Press Room
 

FROM THE OFFICE OF PUBLIC AFFAIRS

June 26, 2003
JS-506

Remarks of Assistant Secretary for Financial Markets Brian C. Roseboro
To the Bond Market Association’s Inflation-Linked Securities Conference
New York, NY

Finding a Better Way

A wise man once said, “The great enemy of the truth is very often not the lie – deliberate, contrived, and dishonest – but the myth – persistent, persuasive, and unrealistic”.

In my brief time in Washington, I’ve found the worst myth to be the belief that the debt ceiling imposes any control on government spending. The plain truth is that the debt limit does not affect the deficits or surpluses; the critical revenue and spending decisions are made during the congressional budget process.

The “debt limit” myth bears special attention today because in spite of a recent increase in the debt limit, mythically characterized by some as “the largest increase ever”- not true - this issue will confront the Congress, the Treasury and the fixed income market yet again in the not too distant future. It is imprudent and unwise to risk the United State’s privileged standing in the capital markets with this all too frequent self imposed political imbroglio. The challenge and necessity before us is clear: we must maintain Congress’s constitutional granted authority for borrowing on “the full faith and credit of the U.S.” but better align it with the practical necessity of the Treasury’s responsibility to finance the gap between congressionally approved changes to revenues and expenditures. An active financial market community voice must not be mute in urging a solution to this problem.

Definition & history

The authority to borrow on the full faith and credit of the United States is vested in Congress by the Constitution: Article I, Section 8, and Clause 2 –“The Congress shall have power to borrow money on the credit of the United States”. It is an important and critical pillar of our government’s balance of powers. In 1917, in the face of more frequent government financing needs – World War I - the 65th Congress, in conjunction with the Second Liberty Bond Act, delegated authority to the Treasury Department to borrow, subject to a limit.
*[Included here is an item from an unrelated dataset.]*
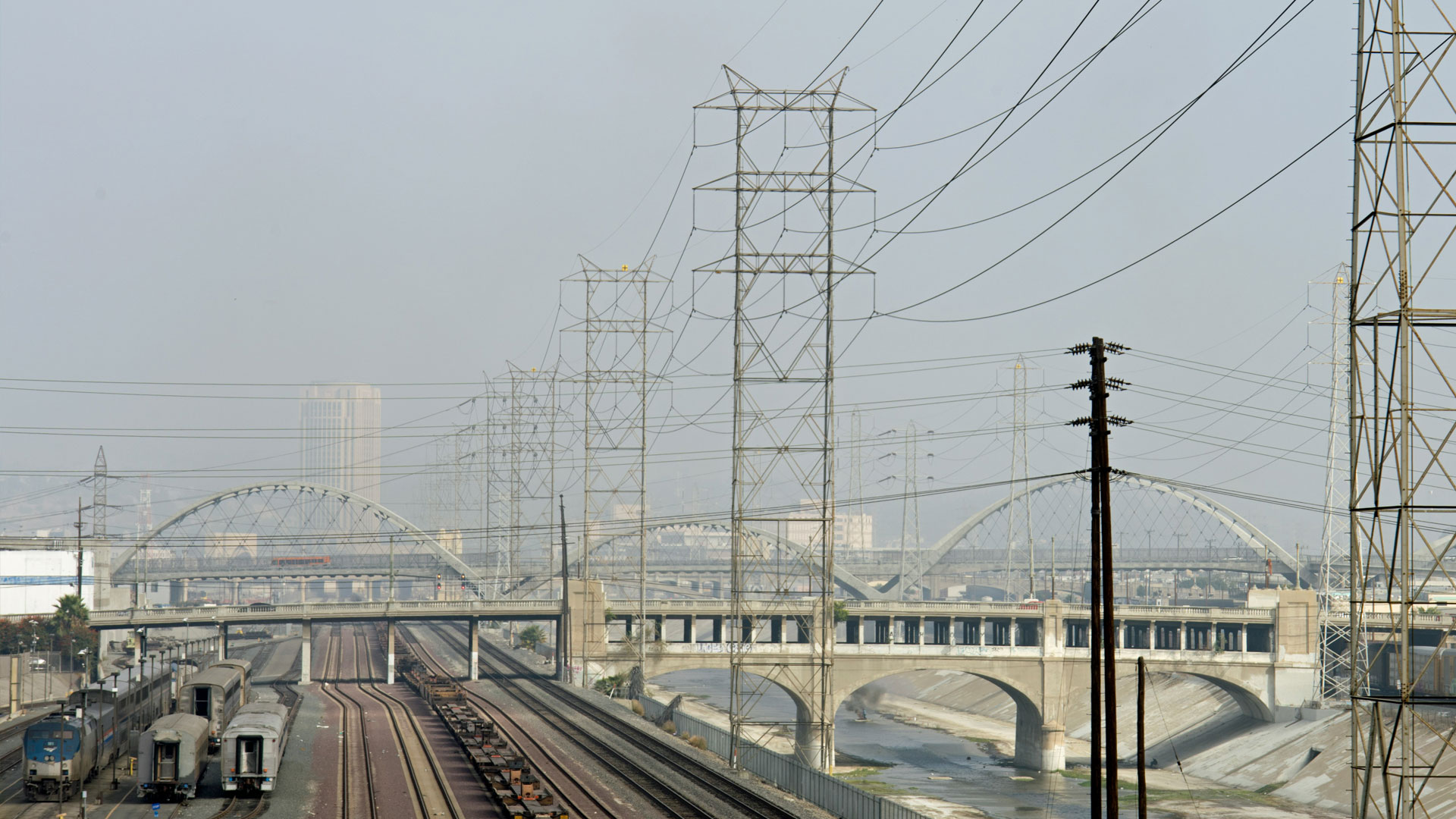 Power transmission lines in the industrial area of a city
This action replaced the necessity of having to seek congressional authority on each issuance thus providing an operational convenience. Through the years, the format of the debt limit has changed. Initially, different types of government debt had their own limits. The debt limit essentially achieved its modern form in the early 1940s.

The debt limit currently stands at $7.384 trillion. Debt subject to limit, as of June 20th, was $6.598 trillion in combined publicly held and intra-governmental debt outstanding. The current definition of debt subject to limit lacks economic coherence. As stated, the debt limit applies not just to debt held by the public, but to the notional credits in the government trust funds, of which Social Security is the largest. An impartial party to the issue might logically prefer to alternatively define the debt limit as applying just to debt actually held by the public which is only 58% of the current limit. They may just as likely think it more reasonable to define it as a full measure of the government’s unfunded liabilities, in which case the current debt subject to limit is massively understated. Today’s debt limit is a halfway house, neither here nor there. Further, despite the debt limit’s conceptual emptiness, the steady growth of the trust funds - from less than 25 percent of total federal debt in 1990 to 43 percent in 2002 and projected to rise to 55 percent by 2007 - guarantees perennial debt limit strife no matter how frugal Congress chooses to be in the budget process.
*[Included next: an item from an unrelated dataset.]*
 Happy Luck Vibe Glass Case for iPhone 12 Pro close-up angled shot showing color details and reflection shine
This well intended “operational convenience” of 1917 has evolved to - at best – an operational inconvenience or - at worst - a threat to the high credit and financial standing of the United States government.
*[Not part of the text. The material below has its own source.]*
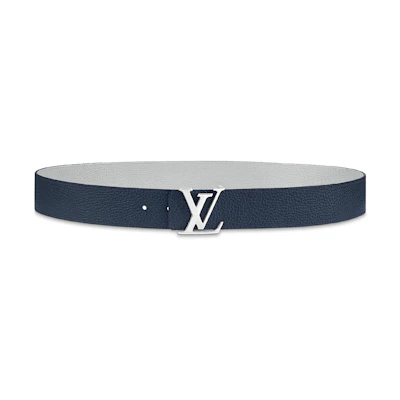 Louis Vuitton Initial Buckle Leather Belt Blue 4cm Fashion Accessory M0532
Risking the U.S.’s privileged standing in the capital markets

During the most recent episode, lasting from February 20 – May 23, 2003, Treasury was forced to use – as have all the administrations before us - what’s becoming euphemistically know as its’ “bag of tricks” to technically stay under the debt limit. All of these devices are provided for in statute. Most are “harmless” accounting “conveniences”. However, there always comes a point where use of other authorized devices, along with implementing unexpected alterations or opaque changes to Treasury’s “regular and predictable” issuance, have imposed costs on US taxpayers - and worse – short-term disruptive effects on the efficiency of the US fixed income market.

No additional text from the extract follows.